* _Work request_:
Print out every line of the material exactly. Include no pictures.

* _Provided material_:
════════
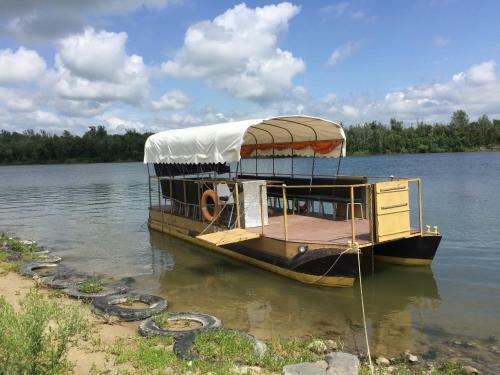Hotel Rybolovnaya Baza Barkas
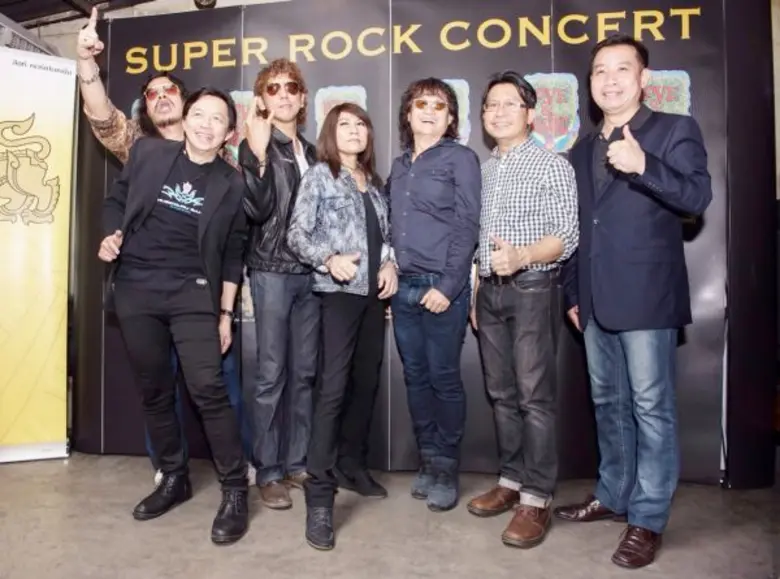 พลิกประวัติศาสตร์หน้าดนตรีครั้งใหญ่ รวมสุดยอด 11 ศิลปินระดับแม่เหล็กของไทย พร้อมโชว์พลังเสียงอันเป็นเอกลักษณ์ในสไตล์สากล บนเวที LOVE & HURT : SUPER ROCK CONCERT
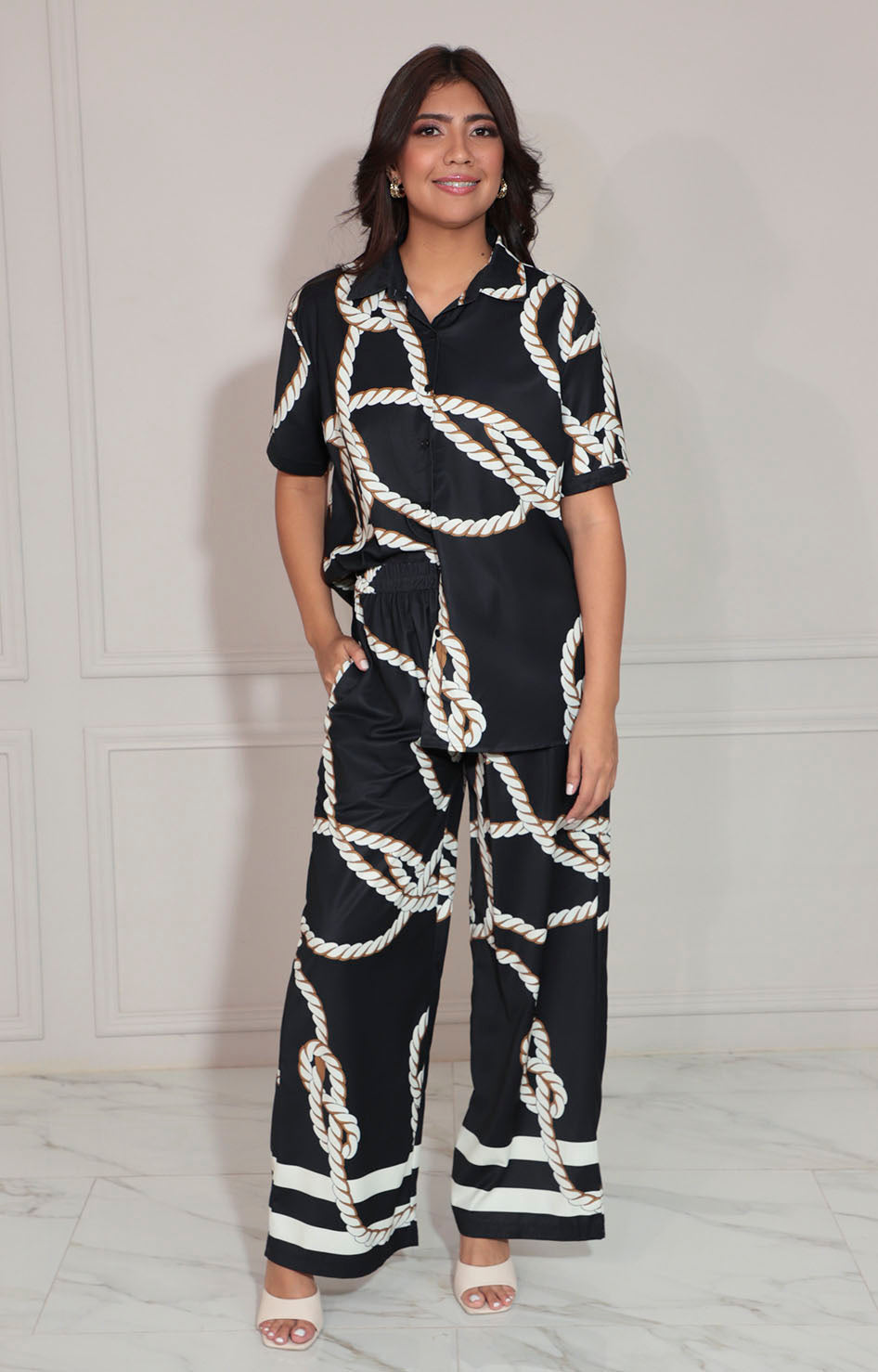 Conjunto negro estampado - CONJUNTO Boutiquemirel 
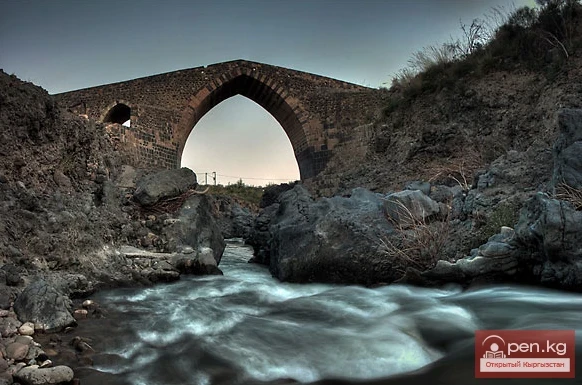 Италия жана Грециянын эски көпүрөлөрү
════════
* _Expected answer_:
Hotel Rybolovnaya Baza Barkas
 พลิกประวัติศาสตร์หน้าดนตรีครั้งใหญ่ รวมสุดยอด 11 ศิลปินระดับแม่เหล็กของไทย พร้อมโชว์พลังเสียงอันเป็นเอกลักษณ์ในสไตล์สากล บนเวที LOVE & HURT : SUPER ROCK CONCERT
 Conjunto negro estampado - CONJUNTO Boutiquemirel 
 Италия жана Грециянын эски көпүрөлөрү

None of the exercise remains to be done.